The lines below are to be quoted exactly, from the first through the one that contains "LUMINOR 1950 FLYBACK 44 ROSE GOLD KHAKI DIAL".

[The data — start]

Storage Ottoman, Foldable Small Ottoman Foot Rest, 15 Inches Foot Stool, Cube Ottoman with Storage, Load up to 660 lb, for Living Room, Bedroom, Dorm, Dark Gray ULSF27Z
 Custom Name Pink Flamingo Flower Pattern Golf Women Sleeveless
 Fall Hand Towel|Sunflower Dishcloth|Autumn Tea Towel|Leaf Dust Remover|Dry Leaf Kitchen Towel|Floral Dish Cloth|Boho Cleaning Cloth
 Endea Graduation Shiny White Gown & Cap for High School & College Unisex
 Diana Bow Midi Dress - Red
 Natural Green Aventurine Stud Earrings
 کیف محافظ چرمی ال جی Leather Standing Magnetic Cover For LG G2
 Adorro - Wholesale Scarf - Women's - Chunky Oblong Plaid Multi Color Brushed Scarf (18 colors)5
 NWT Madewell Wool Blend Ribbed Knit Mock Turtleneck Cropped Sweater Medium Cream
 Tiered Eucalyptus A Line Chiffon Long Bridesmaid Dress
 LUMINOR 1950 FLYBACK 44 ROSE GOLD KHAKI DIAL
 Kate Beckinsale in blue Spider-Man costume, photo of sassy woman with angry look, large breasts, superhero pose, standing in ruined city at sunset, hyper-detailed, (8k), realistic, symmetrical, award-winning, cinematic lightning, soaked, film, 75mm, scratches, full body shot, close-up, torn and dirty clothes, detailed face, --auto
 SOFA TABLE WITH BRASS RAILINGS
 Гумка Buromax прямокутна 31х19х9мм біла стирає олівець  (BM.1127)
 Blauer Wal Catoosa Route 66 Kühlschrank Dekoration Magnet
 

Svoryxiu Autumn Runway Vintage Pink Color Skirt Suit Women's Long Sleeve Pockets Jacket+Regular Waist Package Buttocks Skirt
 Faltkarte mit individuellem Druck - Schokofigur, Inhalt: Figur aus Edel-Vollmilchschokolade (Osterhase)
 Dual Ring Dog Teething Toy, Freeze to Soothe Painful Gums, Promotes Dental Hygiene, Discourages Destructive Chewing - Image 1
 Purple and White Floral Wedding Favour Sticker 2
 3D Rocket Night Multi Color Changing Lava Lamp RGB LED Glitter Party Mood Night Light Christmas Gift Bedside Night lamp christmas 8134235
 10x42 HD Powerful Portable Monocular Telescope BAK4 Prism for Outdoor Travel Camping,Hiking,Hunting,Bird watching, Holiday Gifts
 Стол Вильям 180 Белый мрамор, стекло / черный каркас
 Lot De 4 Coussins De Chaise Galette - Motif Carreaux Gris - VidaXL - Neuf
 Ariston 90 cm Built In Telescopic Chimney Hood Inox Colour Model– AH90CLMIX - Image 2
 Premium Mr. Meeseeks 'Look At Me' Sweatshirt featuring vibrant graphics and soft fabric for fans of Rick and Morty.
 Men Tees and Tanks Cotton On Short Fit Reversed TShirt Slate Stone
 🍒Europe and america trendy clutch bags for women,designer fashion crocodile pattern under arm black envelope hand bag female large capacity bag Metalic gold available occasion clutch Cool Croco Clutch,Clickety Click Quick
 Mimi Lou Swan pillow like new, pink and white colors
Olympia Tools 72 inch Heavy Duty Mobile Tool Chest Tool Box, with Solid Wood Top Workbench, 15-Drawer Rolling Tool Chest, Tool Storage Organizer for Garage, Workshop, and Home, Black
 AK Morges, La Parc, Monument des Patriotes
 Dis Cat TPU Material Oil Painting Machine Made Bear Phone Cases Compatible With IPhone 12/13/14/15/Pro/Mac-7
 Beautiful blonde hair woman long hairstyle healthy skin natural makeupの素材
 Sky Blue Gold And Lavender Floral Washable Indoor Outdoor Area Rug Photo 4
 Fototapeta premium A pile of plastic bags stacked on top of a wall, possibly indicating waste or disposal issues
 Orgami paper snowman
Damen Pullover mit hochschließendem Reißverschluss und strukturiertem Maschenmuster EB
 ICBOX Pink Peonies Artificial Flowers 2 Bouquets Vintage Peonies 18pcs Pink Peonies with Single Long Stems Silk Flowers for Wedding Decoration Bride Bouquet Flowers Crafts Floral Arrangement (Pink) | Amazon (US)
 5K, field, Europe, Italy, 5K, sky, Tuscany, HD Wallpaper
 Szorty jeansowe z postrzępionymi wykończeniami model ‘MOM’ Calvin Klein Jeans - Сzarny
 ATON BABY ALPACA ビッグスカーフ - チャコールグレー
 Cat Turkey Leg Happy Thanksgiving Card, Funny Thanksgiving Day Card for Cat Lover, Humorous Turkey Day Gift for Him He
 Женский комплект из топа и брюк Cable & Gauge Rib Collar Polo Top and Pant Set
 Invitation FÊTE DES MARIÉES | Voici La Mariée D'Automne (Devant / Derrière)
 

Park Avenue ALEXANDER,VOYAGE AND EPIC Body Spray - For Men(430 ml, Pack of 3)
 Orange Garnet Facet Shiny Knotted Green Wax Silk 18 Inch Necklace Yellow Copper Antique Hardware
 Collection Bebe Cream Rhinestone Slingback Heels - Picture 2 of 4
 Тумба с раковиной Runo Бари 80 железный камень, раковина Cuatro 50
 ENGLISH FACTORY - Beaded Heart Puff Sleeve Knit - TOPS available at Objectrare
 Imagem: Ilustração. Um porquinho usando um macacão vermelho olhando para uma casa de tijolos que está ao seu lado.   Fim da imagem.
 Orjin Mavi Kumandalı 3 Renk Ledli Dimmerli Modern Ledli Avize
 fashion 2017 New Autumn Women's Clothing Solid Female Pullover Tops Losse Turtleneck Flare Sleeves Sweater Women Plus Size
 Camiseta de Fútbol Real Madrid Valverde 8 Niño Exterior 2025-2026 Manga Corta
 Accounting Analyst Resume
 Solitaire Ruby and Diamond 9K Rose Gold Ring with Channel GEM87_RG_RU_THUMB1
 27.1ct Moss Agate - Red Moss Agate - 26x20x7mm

[The data — finish]

■ **Exercise solution**:
Storage Ottoman, Foldable Small Ottoman Foot Rest, 15 Inches Foot Stool, Cube Ottoman with Storage, Load up to 660 lb, for Living Room, Bedroom, Dorm, Dark Gray ULSF27Z
 Custom Name Pink Flamingo Flower Pattern Golf Women Sleeveless
 Fall Hand Towel|Sunflower Dishcloth|Autumn Tea Towel|Leaf Dust Remover|Dry Leaf Kitchen Towel|Floral Dish Cloth|Boho Cleaning Cloth
 Endea Graduation Shiny White Gown & Cap for High School & College Unisex
 Diana Bow Midi Dress - Red
 Natural Green Aventurine Stud Earrings
 کیف محافظ چرمی ال جی Leather Standing Magnetic Cover For LG G2
 Adorro - Wholesale Scarf - Women's - Chunky Oblong Plaid Multi Color Brushed Scarf (18 colors)5
 NWT Madewell Wool Blend Ribbed Knit Mock Turtleneck Cropped Sweater Medium Cream
 Tiered Eucalyptus A Line Chiffon Long Bridesmaid Dress
 LUMINOR 1950 FLYBACK 44 ROSE GOLD KHAKI DIAL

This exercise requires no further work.